> _EXERCISE BRIEF_
Type out each entry exactly.

> _Brief descriptive captions_
* * *

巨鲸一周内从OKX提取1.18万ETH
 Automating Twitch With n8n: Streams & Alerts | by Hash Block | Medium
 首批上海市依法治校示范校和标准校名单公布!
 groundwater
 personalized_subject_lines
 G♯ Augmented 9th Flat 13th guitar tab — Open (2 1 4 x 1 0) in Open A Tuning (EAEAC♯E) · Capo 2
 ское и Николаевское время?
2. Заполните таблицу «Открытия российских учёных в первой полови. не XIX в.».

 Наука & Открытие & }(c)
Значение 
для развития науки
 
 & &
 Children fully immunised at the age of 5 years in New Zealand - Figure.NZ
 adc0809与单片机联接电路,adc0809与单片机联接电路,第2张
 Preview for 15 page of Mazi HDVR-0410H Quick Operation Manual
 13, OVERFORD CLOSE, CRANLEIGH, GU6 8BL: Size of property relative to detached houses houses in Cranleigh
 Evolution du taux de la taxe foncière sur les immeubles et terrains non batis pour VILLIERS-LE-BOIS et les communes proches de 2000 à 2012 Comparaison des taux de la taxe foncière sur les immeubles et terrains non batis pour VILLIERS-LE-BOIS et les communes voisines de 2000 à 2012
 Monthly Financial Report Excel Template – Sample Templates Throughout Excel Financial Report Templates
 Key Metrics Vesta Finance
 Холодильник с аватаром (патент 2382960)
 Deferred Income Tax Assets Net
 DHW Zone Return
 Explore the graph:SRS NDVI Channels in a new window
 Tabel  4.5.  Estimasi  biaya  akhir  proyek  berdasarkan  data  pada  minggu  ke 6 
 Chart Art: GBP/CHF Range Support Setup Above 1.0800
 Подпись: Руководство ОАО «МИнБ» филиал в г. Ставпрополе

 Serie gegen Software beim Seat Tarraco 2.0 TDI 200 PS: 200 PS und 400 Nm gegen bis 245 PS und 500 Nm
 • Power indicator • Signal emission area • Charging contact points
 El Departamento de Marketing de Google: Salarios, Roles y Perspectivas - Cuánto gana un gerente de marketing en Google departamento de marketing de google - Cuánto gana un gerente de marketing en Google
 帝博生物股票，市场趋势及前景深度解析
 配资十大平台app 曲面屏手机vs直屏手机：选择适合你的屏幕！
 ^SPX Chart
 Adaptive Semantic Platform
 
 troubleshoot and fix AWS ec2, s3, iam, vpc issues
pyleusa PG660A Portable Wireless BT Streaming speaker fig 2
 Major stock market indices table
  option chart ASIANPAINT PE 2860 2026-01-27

* * *

> _RESULT OF THIS TASK_
巨鲸一周内从OKX提取1.18万ETH
 Automating Twitch With n8n: Streams & Alerts | by Hash Block | Medium
 首批上海市依法治校示范校和标准校名单公布!
 groundwater
 personalized_subject_lines
 G♯ Augmented 9th Flat 13th guitar tab — Open (2 1 4 x 1 0) in Open A Tuning (EAEAC♯E) · Capo 2
 ское и Николаевское время?
2. Заполните таблицу «Открытия российских учёных в первой полови. не XIX в.».

 Наука & Открытие & }(c)
Значение 
для развития науки
 
 & &
 Children fully immunised at the age of 5 years in New Zealand - Figure.NZ
 adc0809与单片机联接电路,adc0809与单片机联接电路,第2张
 Preview for 15 page of Mazi HDVR-0410H Quick Operation Manual
 13, OVERFORD CLOSE, CRANLEIGH, GU6 8BL: Size of property relative to detached houses houses in Cranleigh
 Evolution du taux de la taxe foncière sur les immeubles et terrains non batis pour VILLIERS-LE-BOIS et les communes proches de 2000 à 2012 Comparaison des taux de la taxe foncière sur les immeubles et terrains non batis pour VILLIERS-LE-BOIS et les communes voisines de 2000 à 2012
 Monthly Financial Report Excel Template – Sample Templates Throughout Excel Financial Report Templates
 Key Metrics Vesta Finance
 Холодильник с аватаром (патент 2382960)
 Deferred Income Tax Assets Net
 DHW Zone Return
 Explore the graph:SRS NDVI Channels in a new window
 Tabel  4.5.  Estimasi  biaya  akhir  proyek  berdasarkan  data  pada  minggu  ke 6 
 Chart Art: GBP/CHF Range Support Setup Above 1.0800
 Подпись: Руководство ОАО «МИнБ» филиал в г. Ставпрополе

 Serie gegen Software beim Seat Tarraco 2.0 TDI 200 PS: 200 PS und 400 Nm gegen bis 245 PS und 500 Nm
 • Power indicator • Signal emission area • Charging contact points
 El Departamento de Marketing de Google: Salarios, Roles y Perspectivas - Cuánto gana un gerente de marketing en Google departamento de marketing de google - Cuánto gana un gerente de marketing en Google
 帝博生物股票，市场趋势及前景深度解析
 配资十大平台app 曲面屏手机vs直屏手机：选择适合你的屏幕！
 ^SPX Chart
 Adaptive Semantic Platform
 
 troubleshoot and fix AWS ec2, s3, iam, vpc issues
pyleusa PG660A Portable Wireless BT Streaming speaker fig 2
 Major stock market indices table
  option chart ASIANPAINT PE 2860 2026-01-27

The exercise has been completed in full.